Subtle defects in enteroendocrine cell function might be risk factors for the development of β-cell failure and, ultimately, clinical diabetes

Few endocrinologists think of the gut as a complex endocrine organ, unless they encounter patients with carcinoid tumors or a gastrinoma localized to the duodenum. Gut hormone deficiencies caused by partial or complete loss of enteroendocrine cell function are even less common, but recent findings hint at their importance.

In 2006, Wang J et al. (N Engl J Med 355: 270–280) described three children with inactivating mutations in neurogenin 3, a transcription factor important for endocrine cell development in the pancreas and gut. All three children presented with vomiting, metabolic acidosis, and malabsorptive diarrhea during the first few weeks of life, which required parenteral nutrition. Small-bowel biopsies revealed an almost complete absence of gut enteroendocrine cells. This novel endocrine syndrome is characterized by complete loss of enteroendocrine cell products that are critically important for control of nutrient absorption and energy homeostasis.

A similar clinical presentation occurs in humans with an inactivating mutation in neuroendocrine convertase 1 (NEC1, formerly PC1)—which is required for bioactivity of peptides such as glucagon-like peptide 1 (GLP-1). Patients present with varying degrees of small-bowel absorptive dysfunction, and defects in the processing of other endocrine peptides. The precise identity of the peptide hormones required for optimal control of nutrient absorption that are affected by loss of NEC1 activity in these patients is not yet clear, but analysis of NEC1-inactivating mutations in mice and humans reveals a broad spectrum of NEC1 substrates.

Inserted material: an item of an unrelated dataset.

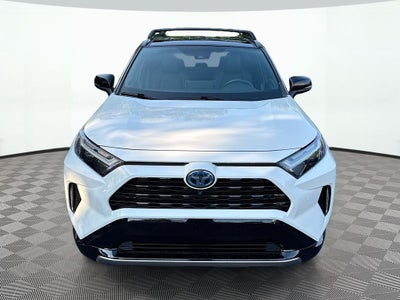 2022 Toyota RAV4 Hybrid XSE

The importance of the enteroendocrine system in control of energy and glucose homeostasis might be revealed through subtle perturbations of gut endocrine cell function, rather than complete ablation of all enteroendocrine cell populations. Individuals with specific polymorphisms in TCF7L2 (which encodes transcription factor 7-like 2) exhibit increased prevalence of type 2 diabetes. This transcription factor is highly expressed in the gut, including in enteroendocrine L cells, where it controls transcription of the proglucagon gene (and hence GLP-1 production). Reduced activity of transcription factor 7-like 2 might be associated with defective GLP-1 production and/or impaired β-cell function, and an increased risk of diabetes, in individuals with specific TCF7L2 alleles. Data published by Florez JC et al. in 2006 (N Engl J Med 355: 241–250) extend these findings; this paper analyzed the relationship between TCF7L2 genotype and risk of developing diabetes observed in the Diabetes Prevention Program study. Individuals with specific TCF7L2 variant alleles progressed more frequently from impaired glucose tolerance to diabetes during the 3-year study. Furthermore, those with the high-risk TT genotype exhibited reduced insulin secretion, consistent with reduced secretion of one or more gut-derived factors (e.g. GLP-1), perhaps associated with impaired β-cell function and increased risk of developing diabetes. These findings, and data that demonstrate reduced meal-stimulated GLP-1 secretion in individuals with type 2 diabetes, suggest that subtle defects in enteroendocrine cell function might be risk factors for the development of β-cell failure and, ultimately, clinical diabetes.

Collectively, these loss-of-function mutations highlight the importance of slight or substantial defects in enteroendocrine cell function for the control of nutrient absorption and glucose homeostasis, and provide new mechanistic insights. Therapeutic administration of gut hormones and pharmacological enhancement of gut hormone action are receiving increased attention as potential new therapies for the treatment of obesity or diabetes. The re-emerging importance of gut hormones in common endocrine disorders firmly establishes the gut endocrine system as an essential component of physiological systems that regulate nutrient intake, absorption, and metabolic homeostasis.